Dentistry and oral health
We are committed to improving oral health in Scotland and providing high quality NHS dental services.
Reducing inequalities in our most deprived communities is our priority and establishing good oral health in childhood lays the foundation for a healthy mouth for life.
The following links provide more information:
- improvement plan
- NHS dental care at home
- Oral Health Community Challenge Fund
- Childsmile Programme
- NHS dental treatment charges
- amalgam fillings
- dental workforce
We published our oral health improvement plan (OHIP) in January 2018. This plan provides the overarching framework for the development of NHS dental service provision in Scotland. It sets out a programme of work which builds on achievements in:
- child oral health
- access to NHS dental services
- workforce growth
The plan also seeks to address challenges around health inequalities and an ageing population, focusing on the following areas:
- reducing oral health inequalities
- meeting the needs of an ageing population
- more services in the high street
- improving information for patients
- quality assurance and improvement
We recognise the increasing challenge of an ageing population in Scotland. We want to ensure that everyone, no matter what their age, can have access to dental care in order to maintain good oral health.

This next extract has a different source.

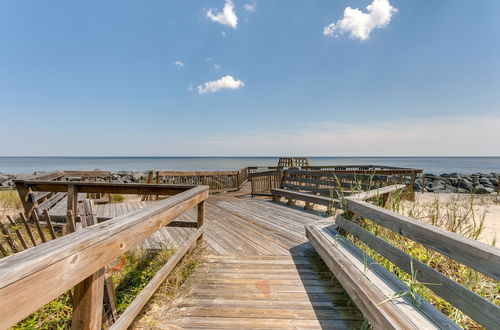 Foto 11 - Luxe Jekyll Island Home w/ Beach & Pool Access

We introduced a scheme in April 2019 to ensure people in care homes receive appropriate dental care. We will expand this to include those people being cared for at home over time. Early adopters for the new arrangements will begin providing domiciliary care in assigned care homes in late summer 2019.

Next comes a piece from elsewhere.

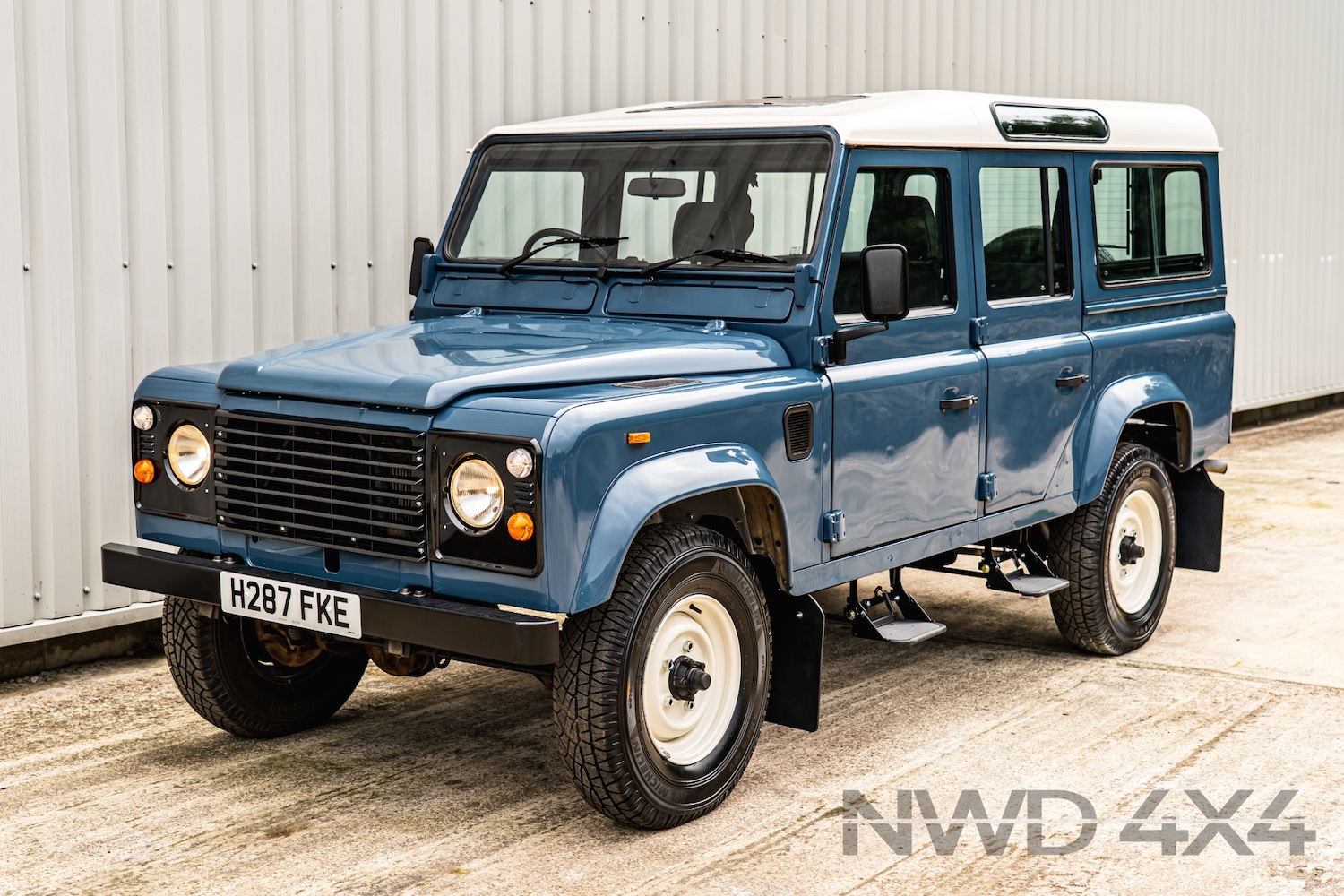 Used Land Rover Defender 1991 for sale - 76027831: Photo 22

The aim of the new arrangements is to ensure people in care homes receive appropriate dental care by encouraging more independent dentists who provide NHS dental services to provide more domiciliary care.

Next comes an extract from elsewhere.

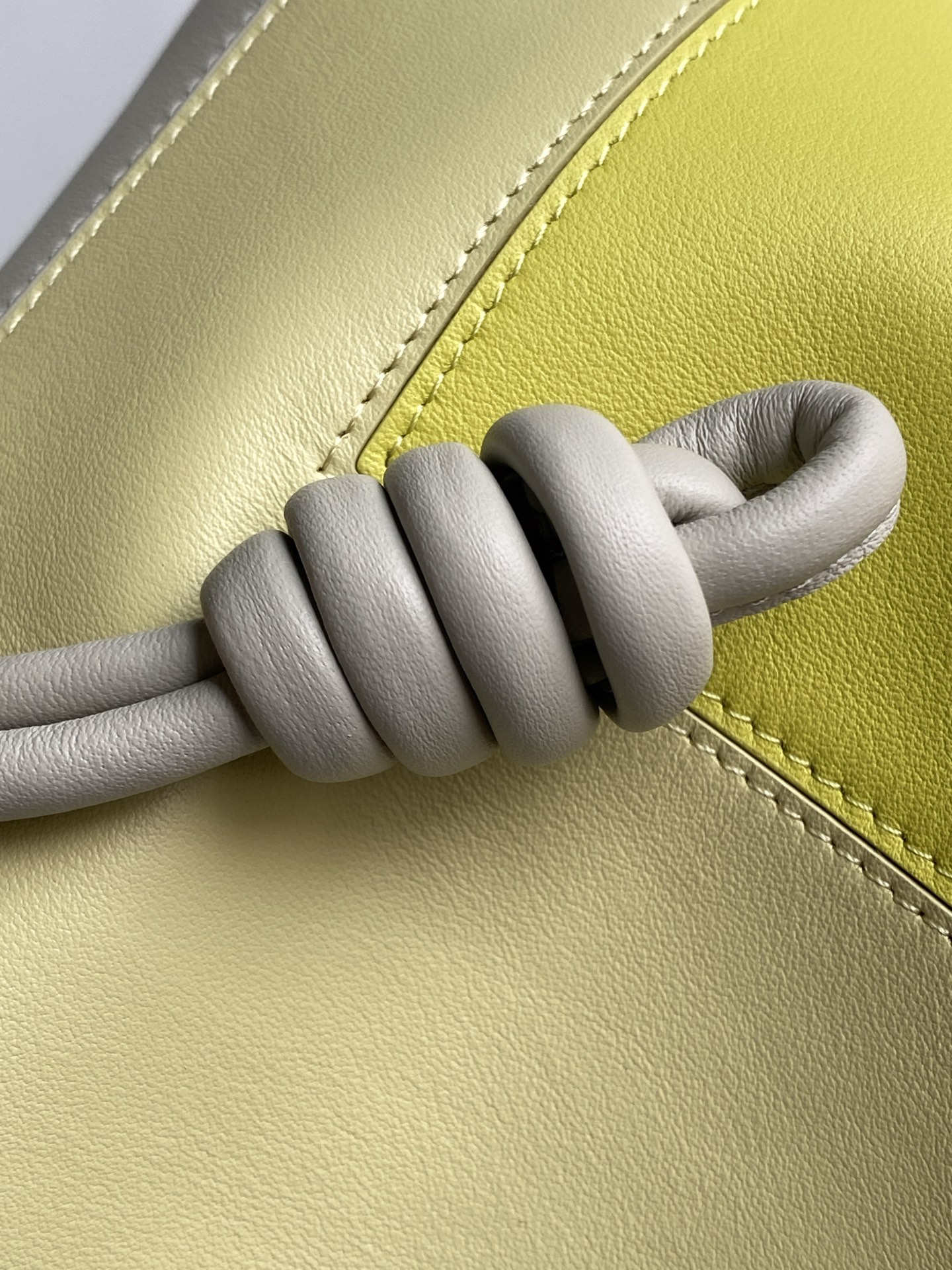 p820。🔥新款🔥 中号纳帕牛皮革 Flamenco 手拿包💋Flamenco 手拿包以柔软材质造就慵懒风格💕抽绳设计饰有历史悠久的绳结💄此中号版本采用纳帕牛皮革制成🍉方形嵌花图案的灵感源自 Josef Albers 的“Homage to the Square" 系列🍻这款手袋为Josef and Anni Albers 系列作品🥪*可肩背、斜挎或手提*可拆卸可调节肩带*磁扣开合*绒面革衬里 “烫金或烫银和 Josef Albers 签名🍓
尺寸：30～24.5～10.5CM
款号：9102
颜色：浅灰浅黄晶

The key to improving oral health in our most disadvantaged communities lies within the communities themselves.
We launched a £2.5 million Oral Health Community Challenge Fund in February 2019 to help reduce inequalities by supporting communities and families to take positive action to improve oral health. The Fund offered grants of between £7,000 and £30,000 to third sector organisations working in areas of multiple deprivation in Scotland. The funding allocation has now been made and a list of successful projects has been published
Childsmile is a Scottish Government-funded programme which is delivered via nursery schools, primary schools, and dental practices. The programme includes free daily supervised toothbrushing, the application of fluoride varnish, and dietary and oral hygiene advice.
We have made real progress in improving Scotland’s child oral health over the last 10 years as a result of our Childsmile programme, which focuses on prevention, rather than restorative treatment. The results of the National Dental Inspection Programme (October 2018) showed that the proportion of primary 1 children with ‘no obvious decay experience' had increased to 71% in 2018, compared to 58% in 2008.
We have also extended the Childsmile Programme from August 2018, with additional funding of £327,000, to all nursery and primary 1 and 2 children in the most deprived communities across Scotland.
People automatically entitled to free NHS dental treatment in Scotland are:
- anyone under 26 years old
- pregnant women and nursing mothers
Others on low incomes may be able to get help. More information is available in the following publications:
- Information leaflet on NHS dental charges HCS2 (November 2018).
- Information booklet on entitlements for NHS charges HCS1 (November 2018)
You can check if you are entitled to help with NHS dental costs by using this quick checker on the gov.uk website.
Those not entitled to free NHS dental care will need to pay 80% of the cost of NHS dental treatment up to a maximum of £384 per course of treatment.
Scotland has already taken action to reduce the levels of amalgam being used in treatment, with the introduction of new restrictions on 1 July 2018.
This is part of a UK-wide response to an EU directive which places restrictions on the use of amalgam. This plan will be delivered through the general improvement of oral health across the population, supported within an increasingly preventive model of care.
We have invested significantly in NHS dentistry in Scotland over the last decade in order to recruit and retain dentists. As a result, the numbers of dentists providing NHS dental services in the high street has increased by 35% over the last 10 years.
To encourage those from lower household income families to undertake a dentistry degree at Aberdeen, Dundee or Glasgow University we provide grants to dental students in Scotland. The Dental Student Support Grant (DSSG) provides help with the cost of their studies.